I met him years ago, on the courtroom steps, when I was smoking my last cigarette before voluntarily turning myself in to face the music for my University Bookstore fiasco. He walked up, introduced himself, and asked me for a smoke, and I gave him the pack. “I’m going to jail,” I said. “I don’t need ‘em.”
“I’m probably going too,” he refused the pack with his hand up, then shook his head. “But I might not. We’ll see,” he said, changing his mind and taking the box from me.
We talked for the length of a smoke, then went our separate ways once in the courthouse. Brad got a month in the misdemeanor jail for whatever he went to court for, and we ended up on the same pod. I had smuggled tobacco and rolling papers in, in the tongue of my shoe, and I smoked one with him in the small room up on the second tier with the glass windows.
Since then, we kept bumping into each other. We ran together, got high together, and once even randomly ended up in rehab at the same time, and they gave him the bed next to mine. We were in the same recovery group then, and had the same prick for a counselor, who tried to break us down mentally, scrub our brains, and build us back up in the name of the Big Book. We talked the good clean talk to each other, and I know he meant every word; that he was tired of running, and of all the things he’d be forced to do to support his out-of-control habit.
Still, one morning at breakfast, he found me in the cafeteria, over a hot cup of coffee and a bowl of oatmeal and a couple pieces of dry toast, and said, “You gotta talk me out of leaving. I’m about to go, and I don’t think I can stop myself.”
I sat next to him on a bench outside, underneath the pavilion behind the Men’s Center on the Eastside, smoking that same last-cigarette I’d given him so many years back, trying to talk some sense into him. “If I leave, I’m fucked,” he said. “My P.O. will be on me in a day or two and I’ll be back in jail, or back on the run… but I can’t stand to be in this place any longer,” he said.
There was nothing else I could say to talk him out of it, and he left.
Brad had that gene inside, that fuck-it gene, that allowed him to ‘turn a switch’ and act without thinking, on the virtual knife-edge of instinct. I don’t possess this gene, but I’ve got several friends who do. It was a great tool while we scrambled to scrape together dope money, but it often got him in trouble, and B&E Brad would bounce in and out of jails, and rehabs, and prisons, for all of the years that I’ve known him.

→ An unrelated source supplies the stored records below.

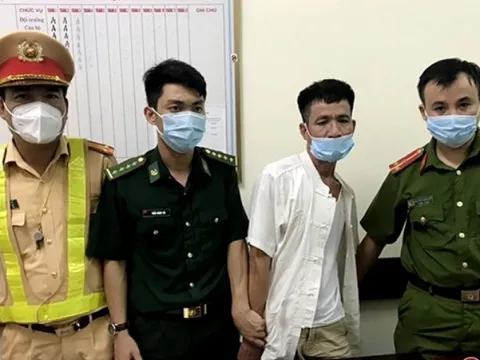 Bắt đối tượng mua bán trái phép chất ma túy, thu giữ một số vũ khí nóng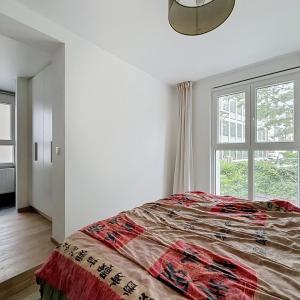 Châtelain / Defacqz : Beau duplex avec cour - colocation OK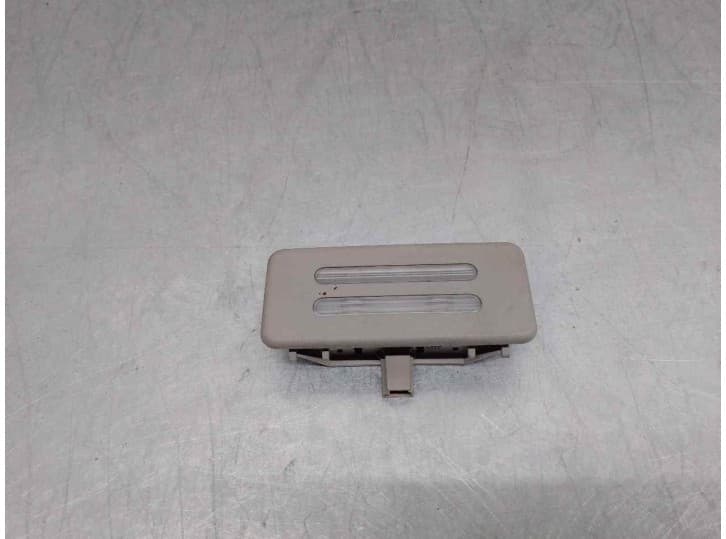 Recambio de luz interior para bmw x5 (e70) xdrive 30 d referencia OEM IAM 6962016
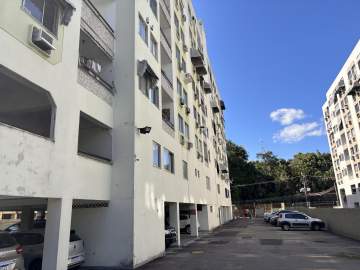 Apartamento : / Residencial / Pechincha - JBJ203927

I’ll write him in prison for a decade following my escape from the tar pits of addiction, after boarding a plane to Seattle with the last shot of junk I’d ever feel coursing through my veins. It will help me to stay clean to write him in prison and reflect to him ‘the good life’ without chains at a time when he’s got nothing to do but think about what he’s going to do when he gets out. That’s a distant future from where we were, tearing up the quaint, manicured lawns of Youngstown’s Northside in a stolen truck with a driver that simply didn’t give a fuck.
He was blazing down the street. The side-view mirrors of the cars parked along the curb came inches from scraping the sides of the truck.

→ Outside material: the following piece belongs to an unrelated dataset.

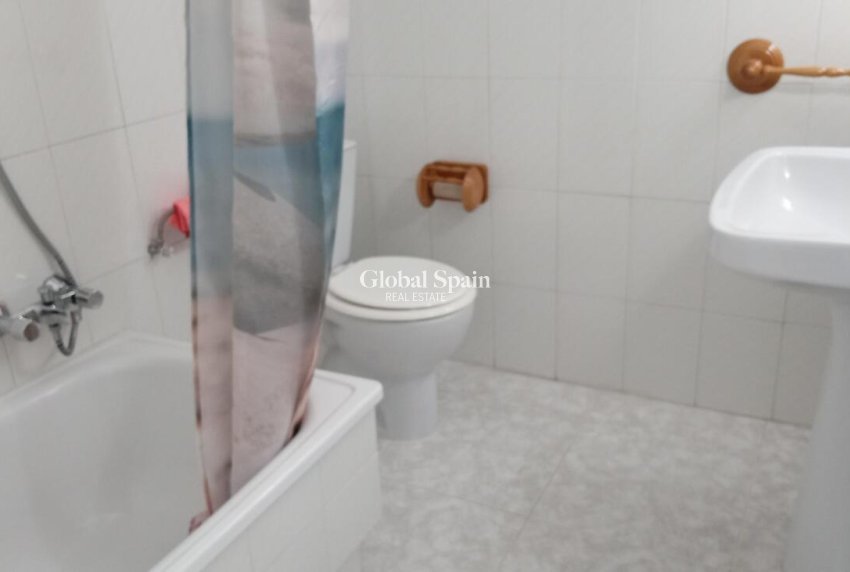 Venta - APARTAMENTO -
TORREVIEJA - PLAYA LOS LOCOS
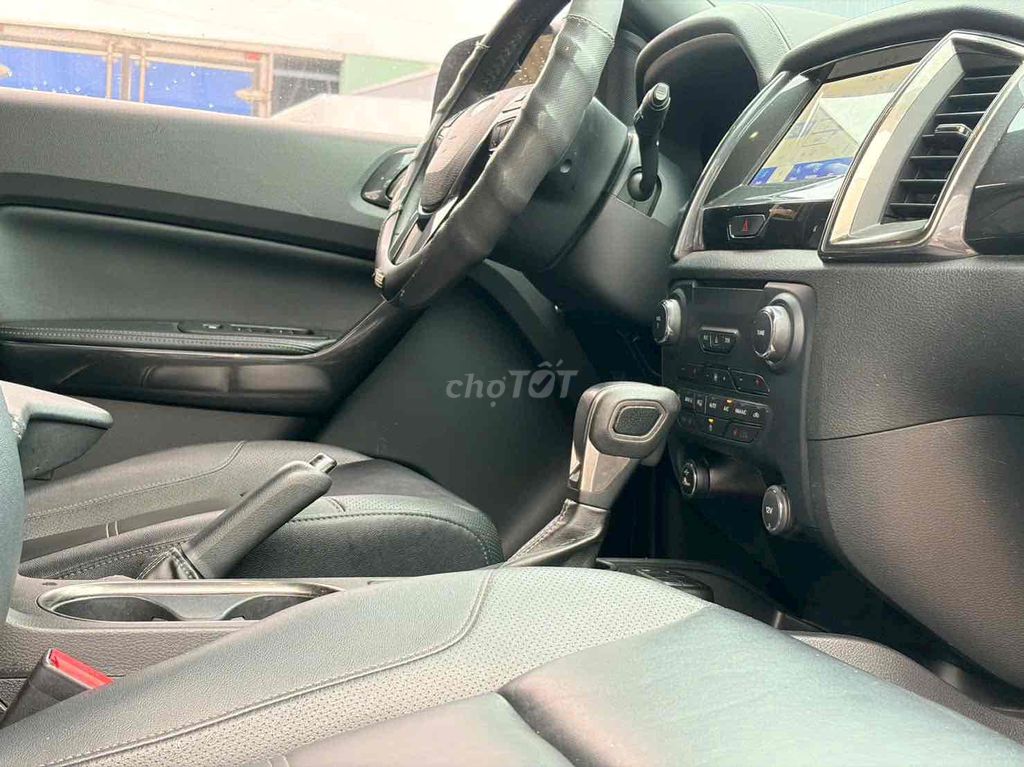 Ford Everest 2021 4x2 2.0 Titanium - 84000 km. Mua bán Ô tô tại Quận Bình Tân Tp Hồ Chí Minh được đăng bởi Nguyễn Huynh hình 6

“See, if it were me,” I said in the calmest voice possible, “I would drive so the cops didn’t know I was in a stolen car. That’s what ‘drive it like you stole it’ means to me.”
Brad blew through another stop sign at fifty miles an hour.
“Like stop signs,” I said. “Perfect example. Cops expect you to stop at stop signs… they get paid to catch you not stopping at the signs… and… I know, ‘fuck the man,’ I agree… but they do pull you over for it, and if you’re in a stolen car, say, with a rig in your sock… like me… I have a needle, with heroin and cocaine residue, in my sock… right now. And I know you got one in here too. I would at least like to get a shot off before I go to prison. Okay, so pretty fucking please… with cream and fucking sugar… Drive it like I stole it.”